¡Bochinche mayor en Santiago! ¡Vista Hermosa se ahoga en lo suyo y se oye el grito!
¡Tremendo bochinche en Santiago! Los vecinos de Vista Hermosa se vieron con el agua al cuello, ¡literalmente! Las calles se llenaron de aguas prietas y el miedo es que la cosa se ponga peor con las lluvias que vienen.
Qué pasó
¡Ay, mi gente, tienen que oír el tremendo bochinche que se armó en Santiago! No fue un chismecito de lavadero, no. Resulta que en Vista Hermosa, de buenas a primeras, el suelo empezó a rugir, como si la tierra se hubiera tragado un tremendo aguacero.
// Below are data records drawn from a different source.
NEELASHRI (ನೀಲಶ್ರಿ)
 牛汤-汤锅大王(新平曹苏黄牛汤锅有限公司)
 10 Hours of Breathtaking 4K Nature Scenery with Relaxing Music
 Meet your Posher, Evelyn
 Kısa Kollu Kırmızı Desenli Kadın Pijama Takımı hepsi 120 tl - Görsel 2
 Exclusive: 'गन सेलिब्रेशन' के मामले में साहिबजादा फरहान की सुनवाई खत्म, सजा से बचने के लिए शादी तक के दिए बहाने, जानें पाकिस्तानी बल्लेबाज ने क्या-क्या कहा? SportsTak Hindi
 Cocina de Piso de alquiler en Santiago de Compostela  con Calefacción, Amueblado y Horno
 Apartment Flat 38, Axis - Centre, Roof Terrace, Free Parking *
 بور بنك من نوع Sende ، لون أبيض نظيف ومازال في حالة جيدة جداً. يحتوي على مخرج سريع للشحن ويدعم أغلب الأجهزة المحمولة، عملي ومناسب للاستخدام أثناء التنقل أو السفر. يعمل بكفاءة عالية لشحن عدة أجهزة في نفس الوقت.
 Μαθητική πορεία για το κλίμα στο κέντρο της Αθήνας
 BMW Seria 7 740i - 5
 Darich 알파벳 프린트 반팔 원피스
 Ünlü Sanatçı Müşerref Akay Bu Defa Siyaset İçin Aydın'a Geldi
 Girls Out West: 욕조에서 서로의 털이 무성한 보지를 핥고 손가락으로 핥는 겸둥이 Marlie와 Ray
Y de pronto, ¡zas!, por todas las esquinas brotó una marea de agua prieta, de esa que no le desea uno ni al enemigo. Las calles, que parecían normales, se convirtieron en ríos de pura alcantarilla. ¡Los vecinos vieron cómo sus casas se inundaban en cuestión de segundos, dejando un desastre que no es de Dios!
Dónde y cuándo
Esto no fue en la China, ¡no! Fue aquí mismito, en nuestra Santiago de Cuba, en el reparto Vista Hermosa, justo por la circunscripción 97, entre la calle 5ta y 6ta. La fecha para marcar en el calendario fue el jueves 5 de febrero de 2026, por la tarde, cuando el sol ya iba cayendo y la gente esperaba un buen cafecito.
Imagínense el cuadro: el aire denso, ese olor a humedad mezclado con lo innombrable, y la gente con el corazón en la boca, viendo cómo el agua le llegaba a las rodillas. ¡Un despelote total, ni que hubieran puesto una bomba!
Por qué importa
Mire, esto no es solo un charco grande. Este bochinche en Vista Hermosa es el reflejo de una cosa más gorda: ¡las entrañas de nuestra ciudad están viejas y podridas! Las alcantarillas, que ya tienen más años que Matusalén, no aguantan un vaso de agua más, y cuando llueve, ¡pumba!, pasa esto.
La gente pierde sus cosas, sus electrodomésticos, su tranquilidad. Pero lo peor no es el daño material, ¡que bastante que duele! Es el riesgo de la salud, las enfermedades que trae el agua sucia. Es un peligro que nos toca a todos, porque mañana puede ser en tu barrio.
Qué dicen las partes
Los vecinos, que son los que sufren el palo, no se han quedado callados. El delegado de la circunscripción, Aris Arias Batalla, ha sido la voz del pueblo, mostrando las fotos y el desastre. La gente cuenta que fue como un sismo, el ruido, la explosión de la tubería, y luego el desbordamiento sin aviso.
La verdad es que la voz del barrio clama por una solución, porque esto de ver el pavimento agrietado y los mosaicos bailando no es nuevo. Los testimonios coinciden: la tubería principal de aguas residuales se tupió y explotó, sin piedad.
Qué viene ahora
Y como si fuera poco, la mala noticia es que se anuncia un frente frío con más lluvia. ¡Imagínense el desespero! Los vecinos están con el agua al cuello, y ahora tienen que prepararse para más. La pregunta del millón es: ¿van a esperar a que la gente nade en su propia casa para arreglar el problema?
Aquí la cosa es seria, mi socio. No podemos seguir viviendo con el miedo de que cualquier aguacerito nos convierta la sala en una piscina de aguas albañales. Se necesita meterle mano a ese drenaje, limpiar, reparar. ¡Es hora de que las autoridades se pongan las botas y no solo esperen a que el agua baje!